小澤 リアル対面での仕事はコミュニケーションがとりやすいので、お互いにあうんの呼吸でフォローしあったり、隣席の人に「これをお願いします」と簡単な頼みごとをすることができます。リモートワークではそうした動きが難しいので、業務を遂行する人がきちんとしたかたちで依頼を受けるか、または「やらない」という選択をするかの判断をしなければいけません。まずは、自分が行うべき「コア業務」と、必ずしもそうではない「ノンコア業務」に分ける必要があります。さらに、「コア業務」に優先順位をつけ、「ノンコア業務」のほうは、「なくす、または、減らす」「アウトソーシングすることも含めて、誰かに頼む」に分けていきます。リモートワークの業務日報を書かせる企業もありますが、せっかくカットできた通勤時間が日報を書く時間になってしまったらもったいないですよね。日報は本当に必要かどうかを管理者が熟考し、不要だと思えば行わないのも方法のひとつでしょう。
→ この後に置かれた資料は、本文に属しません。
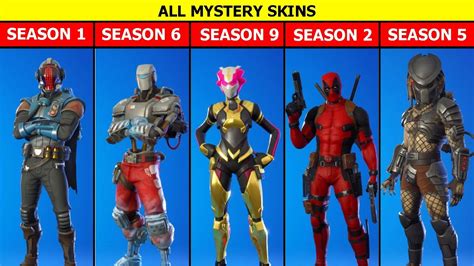 All Mystery Skins In Fortnite Season 1 And Season 15 Evolution Of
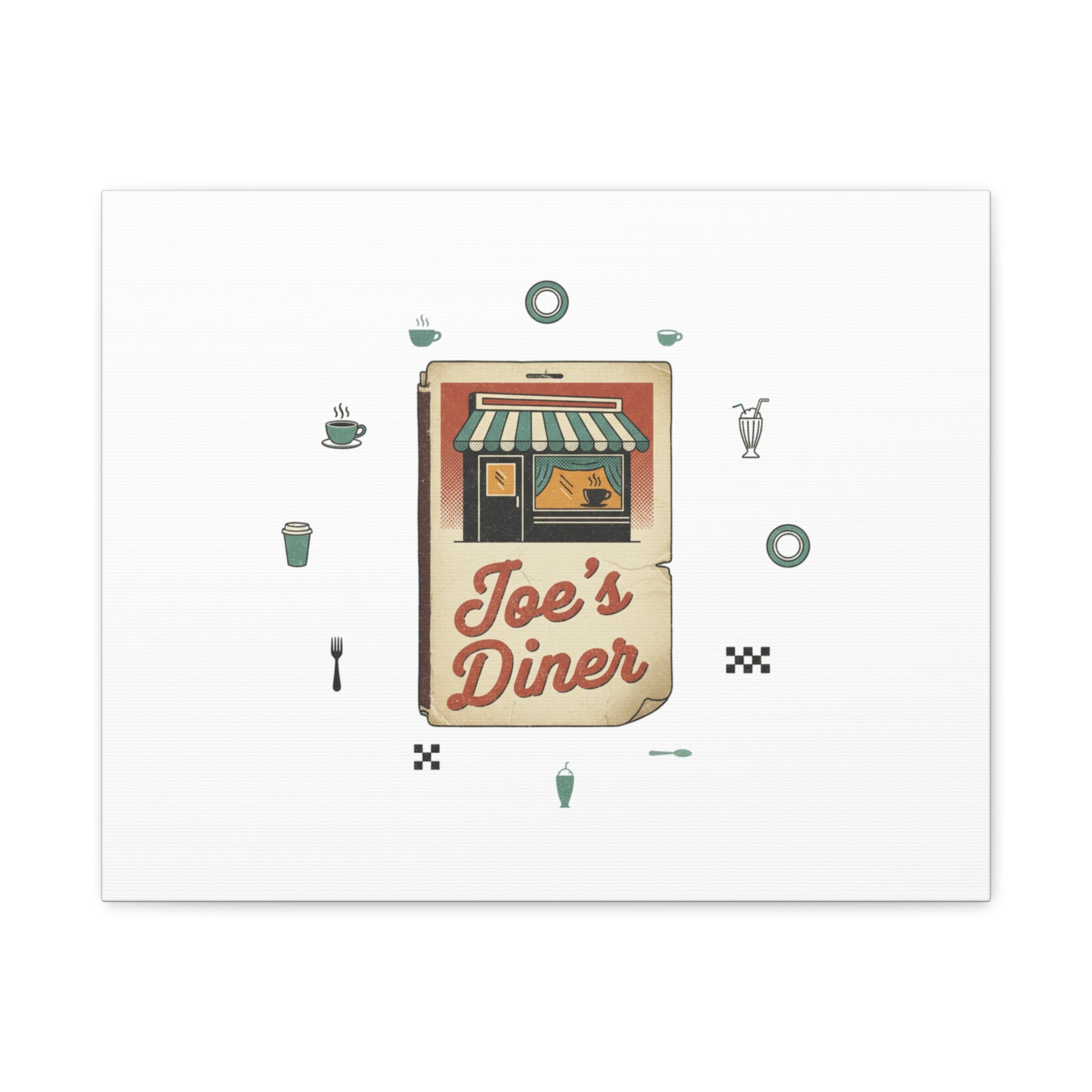 Diner Matchbook Graphic Canvas, Vintage Ephemera Art | Retro Micro Ad Print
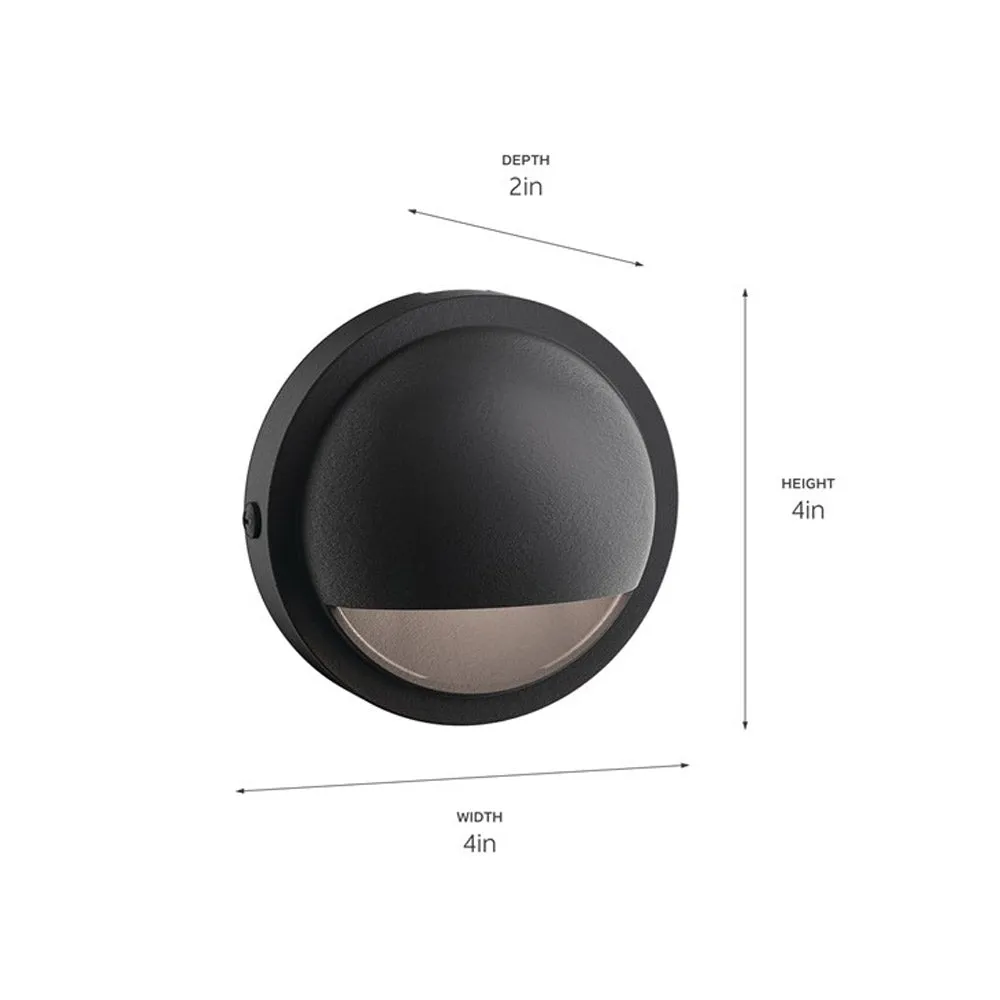 12V LED Half Moon Deck Light 2700K Textured Black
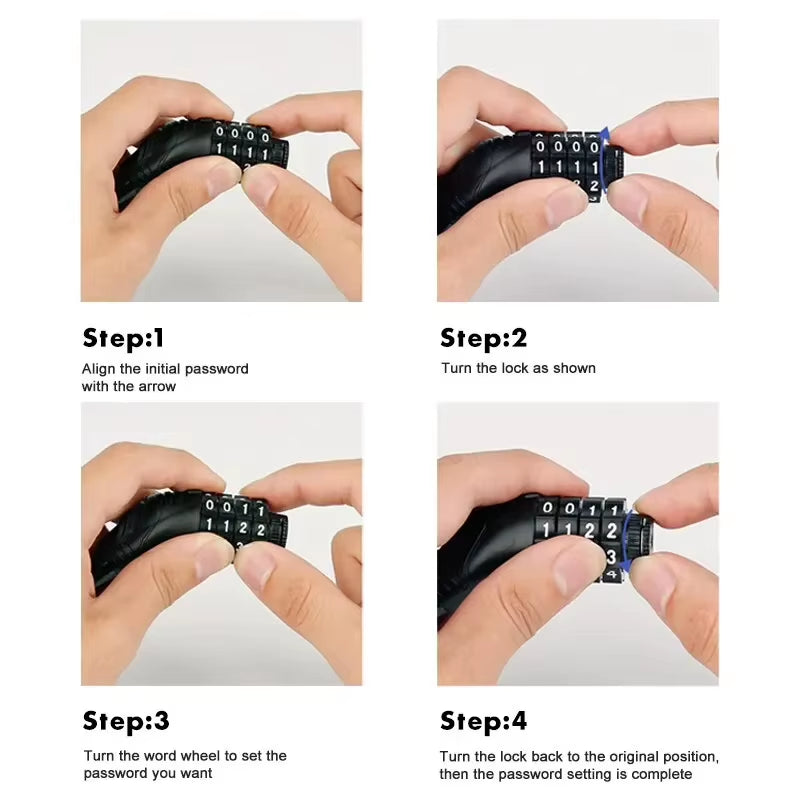 Bike Lock - 4-Digit Combination Cable Lock for Bicycle and Scooter – image 6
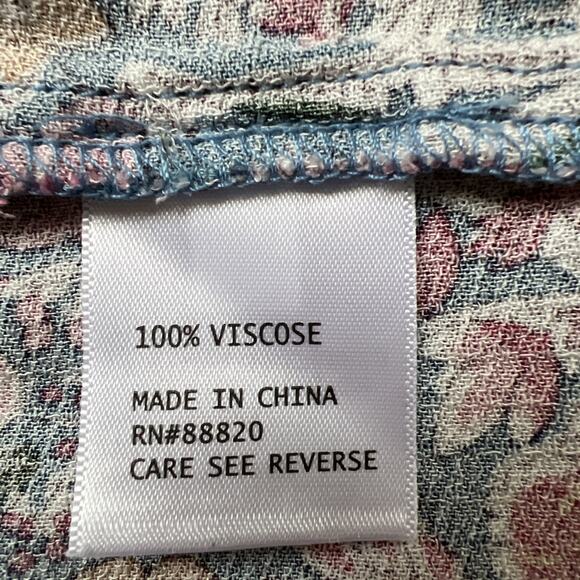 Cynthia Rowley Blouse Women's 1X Soft Floral Pink Blue Boho Tassels Peasant - Picture 8 of 10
業務を細かく仕分けしていくことで、担当者不明の曖昧な案件がなくなったり、これまで見過ごしてきた無駄な業務を減らしたりすることもできます。
チームで円滑に仕事を進めるための手段として、ニットは「ワークシェアリング」「早めの報・連・相」「ポジティブなフィードバック」「働き過ぎ防止」といったことを徹底している。そのうえで、小澤さんが重視しているのは、「細かなタスク表の作成」と「丁寧なテキスト・コミュニケーション」だ。
小澤 メンバーとのやりとりがチャット中心になるリモートワークでは、重要なメッセージも大量のやりとりの中で流れてしまいがちなので、タスク表の作成は必須です。私たち広報チームでは、週に1回タスク表をつくって、メンバーが誰かに何かを依頼するときは直接にタスク表に書き入れ、終わったものにはチェックを入れるようにしています。
相手に配慮した“テキスト・コミュニケーション”もかなり大切ですね。リモートワークでは文面のやりとりが多くなりますので、それを疎んじるとメンバーのモチベーションがダウンする可能性があります。たとえば、40人が見ているチャットで叱るのは「40人いるフロアで上司から怒られているのをみんなに見られている」状況と同じなので、避けるべきです。逆に、褒めるときはみんなが読んでいるチャットで褒めるのがいいですね。また、業務の指示や質問は長文でダラダラ書くのではなく、わかりやすく、箇条書きにすることもポイントです。「HELP YOU」は、そうしたテキスト・コミュニケーションの勉強会を開くなどして、メンバー間で適切な方法を常に追求しています。